The key is ``bringing into captivity every thought to the obedience of Christ.'' Whose thought? Principally, our own. Peace always begins with some individual wanting an end of hostilities, an end to hate and revenge. This impetus to peace, however faint or undeveloped, is evidence of Christ, the spirit of God, working in human consciousness to bring ``on earth peace, good will toward men''3 through the recognition of man's spiritual sonship and sinlessness as God's likeness.

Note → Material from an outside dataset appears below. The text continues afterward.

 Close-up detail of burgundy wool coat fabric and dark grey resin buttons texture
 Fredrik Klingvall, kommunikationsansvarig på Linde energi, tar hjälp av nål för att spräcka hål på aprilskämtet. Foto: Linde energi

Christian Science shows how this Christ influence can be cultivated and empowered in our lives through a spiritual understanding of God as the one Mind, the Mind that makes man in its image, not materially, but spiritually. As Mary Baker Eddy, the Discoverer and Founder of Christian Science, explains, ``The exterminator of error is the great truth that God, good, is the only Mind, and that the supposititious opposite of infinite Mind -- called devil or evil -- is not Mind, is not Truth, but error, without intelligence or reality. There can be but one Mind, because there is but one God; and if mortals claimed no other Mind and accepted no other, sin would be unknown.''4
To claim and realize in prayer that there is only one Mind, and that this Mind is good, and to strive to express that loving Mind, ``which was also in Christ Jesus,''5 are true spiritual warfare. This is not the world's way of warfare but Christ's, and there was no greater peacemaker than the Prince of Peace.
Our sincere, deep prayers for peace within ourselves, peace in our families, peace in the workplace, peace in societies and among nations, do make a difference. Never underestimate what one individual, reflecting and obeying God, the divine Mind, can do for the world.
1II Corinthians 10:3-5. 2John 8:44. 3Luke 2:14. 4Science and Health with Key to the Scriptures, p. 469. 5Philippians 2:5.